Depth estimation is a crucial technology in robotics. Recently, self-supervised depth estimation methods have demonstrated great potential as they can efficiently leverage large amounts of unlabelled real-world data. However, most existing methods are designed under the assumption of static scenes, which hinders their adaptability in dynamic environments. To address this issue, we present Depth, a novel method for self-supervised depth estimation in dynamic scenes. It tackles the challenge of dynamic objects from two key perspectives. First, within the self-supervised framework, we design a reprojection constraint to identify regions likely to contain dynamic objects, allowing the construction of a dynamic mask that mitigates their impact at the loss level.
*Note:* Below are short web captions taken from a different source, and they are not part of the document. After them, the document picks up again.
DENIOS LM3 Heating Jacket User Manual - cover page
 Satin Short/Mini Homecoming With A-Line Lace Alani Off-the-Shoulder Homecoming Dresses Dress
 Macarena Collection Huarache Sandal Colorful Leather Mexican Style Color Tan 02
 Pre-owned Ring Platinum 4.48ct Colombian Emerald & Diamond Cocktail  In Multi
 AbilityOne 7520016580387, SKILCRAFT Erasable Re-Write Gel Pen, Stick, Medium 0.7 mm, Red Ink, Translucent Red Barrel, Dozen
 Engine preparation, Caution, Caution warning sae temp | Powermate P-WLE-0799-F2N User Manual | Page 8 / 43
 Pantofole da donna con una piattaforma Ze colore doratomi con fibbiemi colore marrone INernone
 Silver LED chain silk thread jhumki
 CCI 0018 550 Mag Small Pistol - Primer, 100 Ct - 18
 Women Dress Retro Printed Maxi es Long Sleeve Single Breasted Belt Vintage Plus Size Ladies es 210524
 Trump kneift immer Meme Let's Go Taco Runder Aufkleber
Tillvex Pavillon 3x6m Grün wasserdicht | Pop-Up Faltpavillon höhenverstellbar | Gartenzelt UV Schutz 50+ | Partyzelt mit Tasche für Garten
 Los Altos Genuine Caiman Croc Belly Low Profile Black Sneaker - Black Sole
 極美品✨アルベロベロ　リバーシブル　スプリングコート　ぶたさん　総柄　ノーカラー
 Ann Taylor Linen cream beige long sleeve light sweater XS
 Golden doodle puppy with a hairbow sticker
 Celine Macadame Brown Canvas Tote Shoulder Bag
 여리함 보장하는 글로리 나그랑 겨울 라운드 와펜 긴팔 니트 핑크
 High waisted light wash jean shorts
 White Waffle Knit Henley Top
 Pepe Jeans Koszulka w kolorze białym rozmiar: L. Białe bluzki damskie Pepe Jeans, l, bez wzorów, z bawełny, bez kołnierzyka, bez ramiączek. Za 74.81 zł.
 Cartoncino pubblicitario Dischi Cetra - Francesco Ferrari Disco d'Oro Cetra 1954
Second, for multi-frame depth estimation, we introduce a cost volume auto-masking strategy that leverages adjacent frames to identify regions associated with dynamic objects and generate corresponding masks. This provides guidance for subsequent processes. Furthermore, we propose a spectral entropy uncertainty module that incorporates spectral entropy to guide uncertainty estimation during depth fusion, effectively addressing issues arising from cost volume computation in dynamic environments. Extensive experiments on KITTI and Cityscapes datasets demonstrate that the proposed method consistently outperforms existing self-supervised monocular depth estimation baselines. Code is available at \url{https://github.com/Csyunling/D3epth}.

Paper Structure

This paper contains 15 sections, 18 equations, 4 figures, 4 tables.

Figures (4)

  • Figure 1: Overall framework of the proposed D3epth. We propose a Dynamic Mask (DM) within the self-supervised framework by masking regions that are likely to be dynamic objects, identified where both reprojection losses exhibit high values. Additionally, we tackle the issue of dynamic objects from the perspective of depth estimation in DepthNet, focusing primarily on multi-frame depth estimation.
  • Figure 2: Comparison of our D3epth with Monodepth2. The upper part of the figure illustrates the typical occlusion scenario addressed by Monodepth2. Both our method and Monodepth2 can handle this situation. However, the lower part of the figure depicts a case where Monodepth2 fails to resolve, as it relies on the minimum of two reprojection losses. In contrast, our method effectively addresses this issue by performing an additional calculation of a Dynamic Mask (DM) to correct the loss.
  • Figure 3: Overall framework of DepthNet in our D3epth. It consists of three main modules: single-frame depth estimation (MonoDepth), multi-frame depth estimation (MultiDepth), and Spectral Entropy Uncertainty (SEU) module. Cost Volume Auto-Masking is applied before computing the cost volume to filter out regions affected by dynamic objects and to guide subsequent processing. And the SEU module leverages the guidance from Cost Volume Auto-Masking and incorporates spectral entropy to enrich the information. This combined approach enhances uncertainty estimation and improves the fusion of MonoDepth and MultiDepth.
  • Figure 4: Qualitative results of D3epth and the baseline on Cityscapes dataset. The first row displays the input images, the second row shows the baseline results, and the third row presents the outputs of our D3epth.